The last time we wrote about the German Forum, we were bidding a sad farewell to long-term President Henry Meyer-Oertel. This time we are offering a warm welcome to new President Barbara Heming who seems to have the future of this outstanding organization well in hand. They will continue to provide performance opportunities for young artists from the German speaking world and enticing entertainment for members and their guests.

Last night we were offered an interesting program on the basis of the presence of a brilliant young instrumentalist--Jacob Cirkel, who has mastered the French horn, an instrument the sound of which we adore, even when it cracks.  It is like a beloved friend that we cherish, even when this friend is cranky, which, we confess, we felt about this concert.

The soprano, Christine Reber, sang into the detested music stand for the entire evening, with the exception of a couple minutes when she entered from the wings singing "Meine Lippen, sie küssen so heiss" from Franz Lehár's Giuditta. We were ready to celebrate her liberation from the score but, once again she sidled up behind the stand.
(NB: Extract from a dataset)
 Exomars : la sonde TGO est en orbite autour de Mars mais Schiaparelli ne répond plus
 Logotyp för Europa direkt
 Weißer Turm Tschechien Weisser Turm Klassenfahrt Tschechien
We wish we were telling you about her sweet warm ingenue tone and the pleasures of hearing German sung the way it should be; but, no, here we are feeling cheated of the very pleasures for which we attend vocal recitals. Sometimes we grit our teeth and overlook this recital shortcoming when there is a premiere of difficult new music. But when a singer has chosen a program of standard works and cannot go to the trouble to memorize them, we do feel cheated of the connection that elevates a live recital above listening to a recording.  Frankly, we felt we were attending a music lesson.

The good side of this, and we always do look for the good side, is that we focused more on the collaborative piano of Babette Hierholzer who has terrific technique and matchless ability to support the other artists. In Beethoven's lovely "Ich liebe Dich, so wie Du mich", she gave every verse of this strophic song a different color.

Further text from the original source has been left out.